Perhaps you can understand why I find its absence so upsetting.

Just goes to show you what kind of troubles can be had when you insist on cleaning up too much. For years my sewing basket has looked like this:

0609_sewing_basket

It's a plain black plastic tin with a tight fitting lid. The lid is rarely closed, because of all the other stuff spilling out of it. Periodically I go through and clean up all the odd lengths of thread and stick all the pins back in the pincushion and discard the old scraps of fabric. You can see one of the little faces of the pincushion, and the center spilling sawdust. Earlier this summer I found a lovely round box at IKEA and decided I would remake my sewing accessories and discard the old sewing box. Especially that sagging pincushion. I made a new one from scraps of cotton.

0609_new_pincushion

This is a photo I took months ago, and there is my sweet darling thimble... my precious thimble... four days ago I tossed stuff out of the old sewing basket. Scraps, thread too short to use, old empty spools, broken buttons. I threw it all away and put my brand new pincushion in my new clean wooden box. It wasn't until the next day that I realized that nowhere in that fit of organization had I come across my thimble. It wasn't in the old box, it wasn't in the new box.

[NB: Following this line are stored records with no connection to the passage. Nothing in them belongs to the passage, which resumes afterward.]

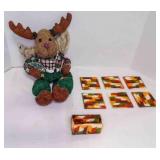 Quilted Treasures Boy Moose, 6 Handmade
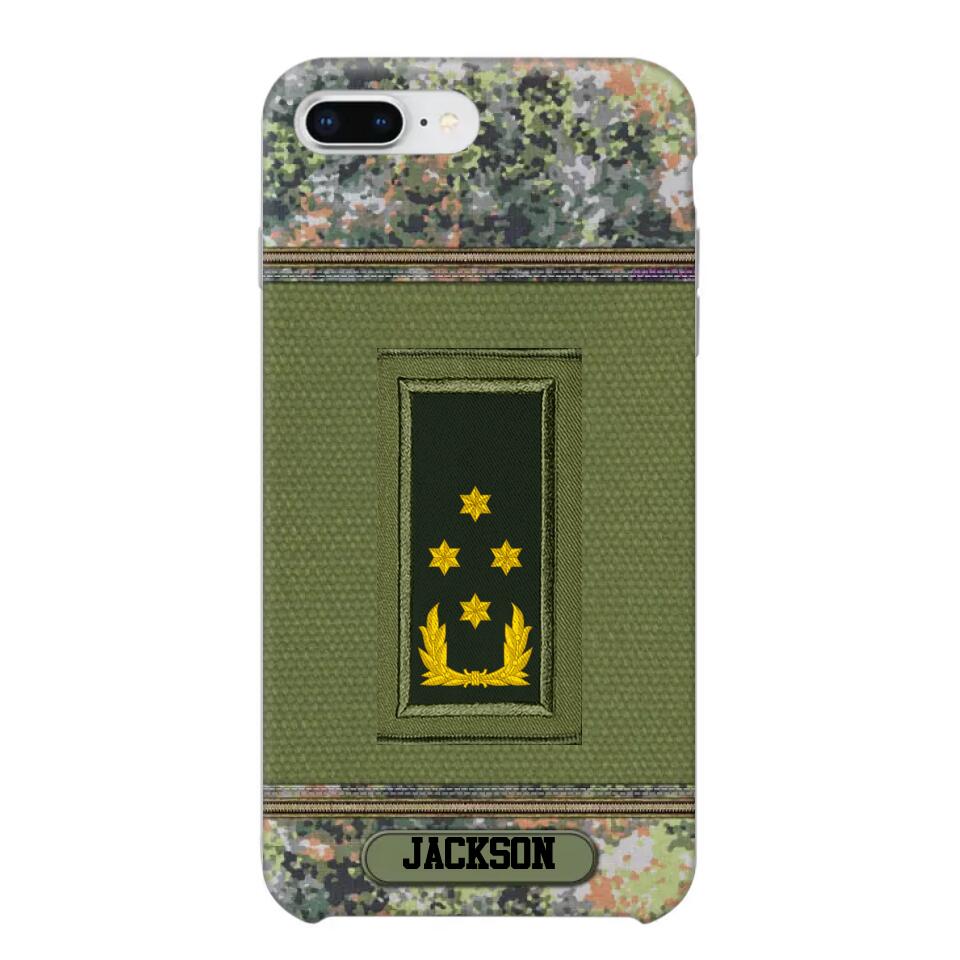 Personalized Netherland Soldier/Veteran Phonecase Printed 23JAN-DT31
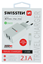 Изображение Swissten Smart IC Travel Charger 2x USB 2.1A with Lightning MFI Cable 1.2 m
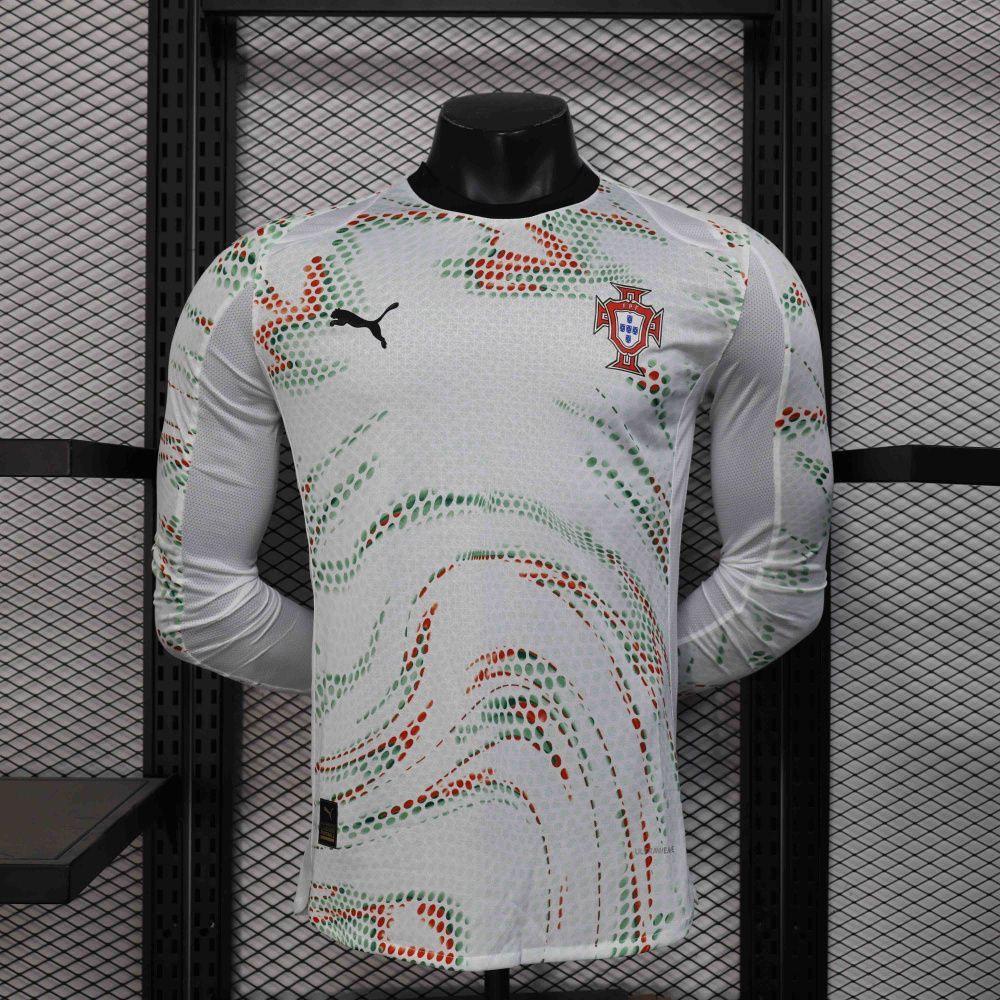 Camisa Jogador Manga Longa Portugal II - Puma 2025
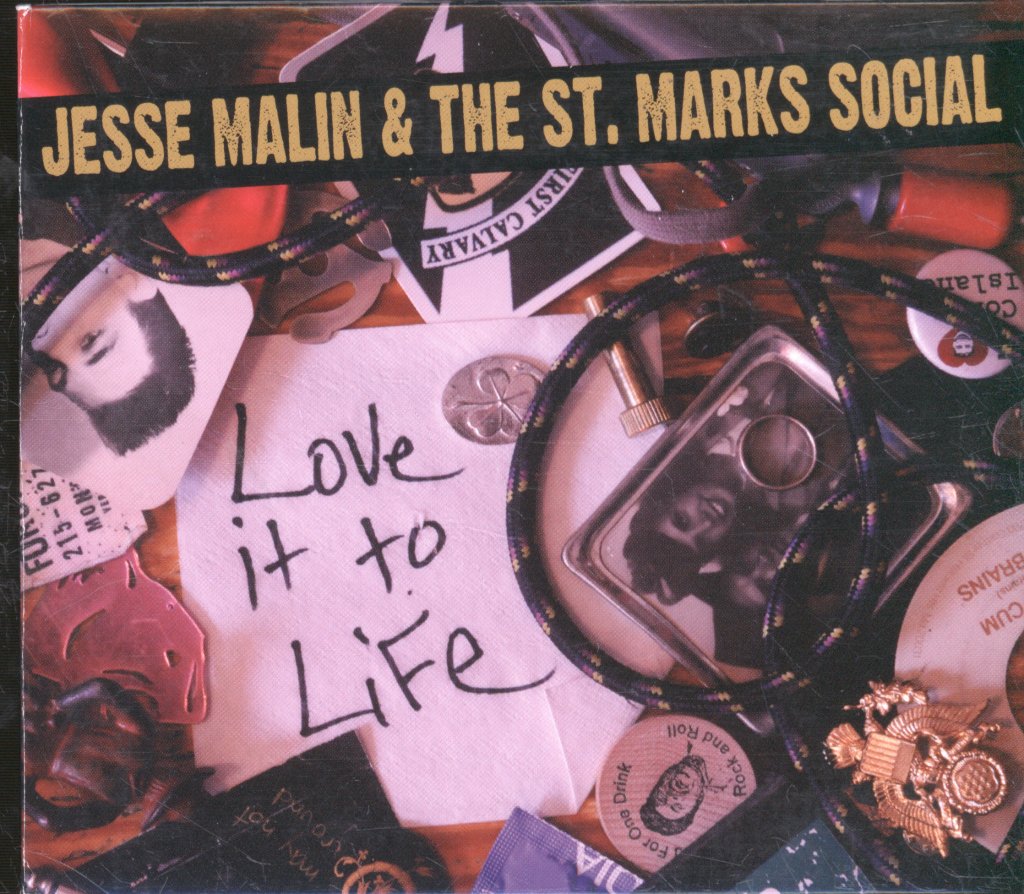 Jesse Malin And The St. Marks Social - Love It To Life - Cd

So far I've looked on the floor, in the drawers, in the sewing machine, in piles of fabric, in plastic folders with embroidery projects, in miscellaneous boxes on the sewing table... my studio is a haven of hiding places, I haven't convinced myself that it's not there, but it's not near the top of things and that worries me. I am so worried that this morning I went through a week's worth of trash. I actually got out my kitchen garbage bags and put on rubber gloves and went through all the rotting fruit rinds and corn cobs piece by piece to make sure it hadn't gotten thrown away by mistake. I didn't find it and I hope to God it isn't there because the trash is to be picked up tomorrow. I wondered if I might have taken it on my recent voyage, and left it somewhere, because I was doing embroidery and sewing... but I specifically remember deciding not to take it, precisely because it is too precious to lose.

Please, thimble, please come back... I miss you... I am looking forward to our next 25 years...

September 04, 2006

labor day

0609_more_design_1

Some progress. Band is pinned around a short dowel with a large diaper pin. The dowel is tucked into a wide sash tied around the waist. Dowel and pin moved as weaving progresses. I like this pattern.

September 03, 2006

remembering

0609_new_warp

Today was a lovely rainy day. Chilly and grey, prompting thoughts of wool and sweaters and russet colors. For me it also had the feeling of "calm before the storm", since as of Tuesday I really can no longer pretend that it's summertime and that the start of another school year is far away. One of the things I am least happy with in my life right now is how seldom I weave, and how I've lost touch with weaving and weavers and weaverly things. I wanted to remind myself that I know how to weave. I found my small balls of handspun in the little coca bag where they've been since I wound them off the spindle and wound a warp for a wide band. Everything went fine: cross, counting, heddles, shed loop--all seems in order. It's working. As of the last picture the pattern was still in the early stages

0609_beg_design

but it's developing. It's one I haven't woven before and I like the feeling of learning something new while at the same time remembering an old skill. If only I had a month of rainy days like this.